*** Data to use ***
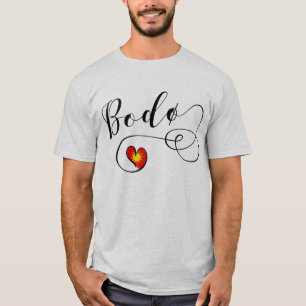 T-shirt Bodø Coeur du drapeau, Norvège, Bodö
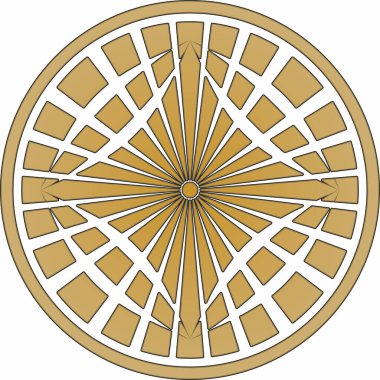 Vektör altın geometrik daire. Soyut dairesel desen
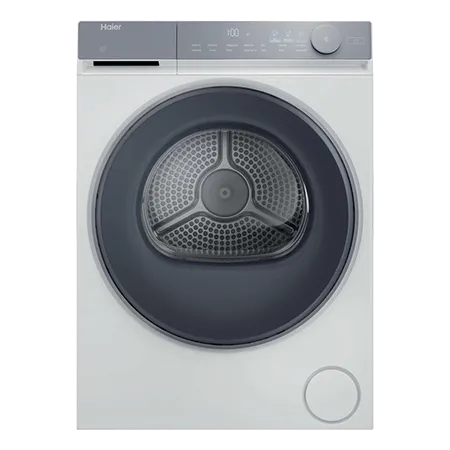Haier HD90-C367U1-UK Freestanding 9kg Heat Pump Tumble Dryer, White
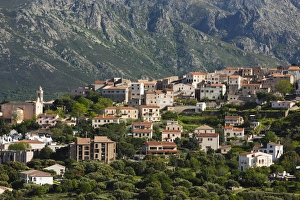 Images Dated 4th May 2012: France, Corsica, Haute-Corse Department, La Balagne Region, La Corniche Paoli, mountain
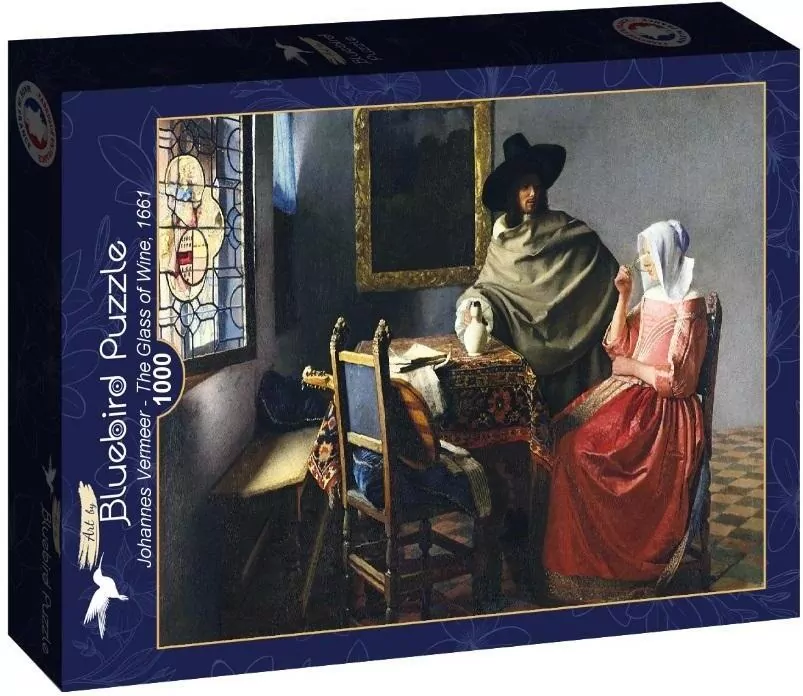 Puzzle 1000 Kieliszek wina, Vermeer - tantis.pl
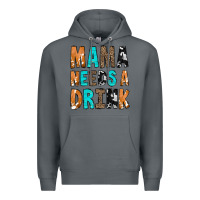 Rock Mama Needs a Drink Premium Hoodie - CowCowDesign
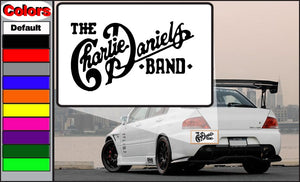 The Charlie Daniels Band vinyl decal with black stylized lettering on a white background.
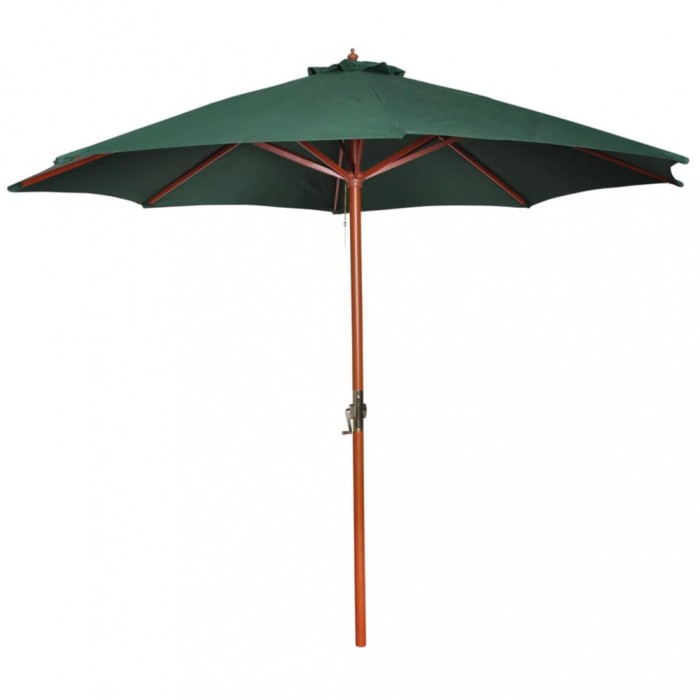 Gossi umbrela de soare, verde, 258 cm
*** End of Data to use ***
* _Problem to solve_
Restate word for word only the lines that run from the line holding "Images Dated 4th" to the end of the data, both ends kept, leaving every picture out.

* _Exercise response_
 Images Dated 4th May 2012: France, Corsica, Haute-Corse Department, La Balagne Region, La Corniche Paoli, mountain
 Puzzle 1000 Kieliszek wina, Vermeer - tantis.pl
 Rock Mama Needs a Drink Premium Hoodie - CowCowDesign
 The Charlie Daniels Band vinyl decal with black stylized lettering on a white background.
 Gossi umbrela de soare, verde, 258 cm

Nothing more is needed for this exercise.